I took up smoking and began to hang around with greasers in the plaza. I had never met working-class boys before. With their oily, slick-backed hair and winkle-picker shoes, they seemed dangerously alluring. They were as exotic to me as I was to them. Sadly, my mom was not impressed with my incredible social success, or with my straight-A grades, which I achieved without a shred of academic effort. She wanted to send me to private school before I fell into the gutter. She argued with her husband over that, and she won.

At private school, I was back to being an outsider. But once again, my white lipstick and blond hair (which tended to turn bluish) did the trick. People were fooled into thinking I was suave and sophisticated. I joined the smart-but-rebellious set. We were the ones who rolled up our skirts after school and found a place to have a smoke.

Slowly, life got better. Our English teacher (who was also a rebel) taught us Leonard Cohen, on whom I developed a lifelong crush. I got a summer job waitressing at a Hungarian coffee house in Yorkville. Pierre Trudeau became prime minister. Suddenly, Canada was interesting.
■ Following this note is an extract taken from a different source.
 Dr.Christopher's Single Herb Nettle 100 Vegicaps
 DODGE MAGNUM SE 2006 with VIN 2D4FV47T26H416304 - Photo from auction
You put down roots one day, one friend, one Leonard Cohen song at a time. Then the time comes when you realize you're not a stranger any more. You know all the subway stops on the line, and you forget that you ever thought "Avenue Road" was a very odd name for a street.

In time, I realized that the low-key Canadian temperament suited me quite well. My personality was too recessive to be comfortable with the brash and bluster of the United States. I didn't have to learn to say "sorry" when someone else stepped on my foot – it came naturally. And so, after university in the United States, it wasn't hard to figure out where I wanted to go next. I went home.

I still have my Canadian Immigration Identification Card, issued 50 years ago when I landed at the airport. It's dated Aug. 17, 1964. I couldn't know it then, but I was a lucky girl.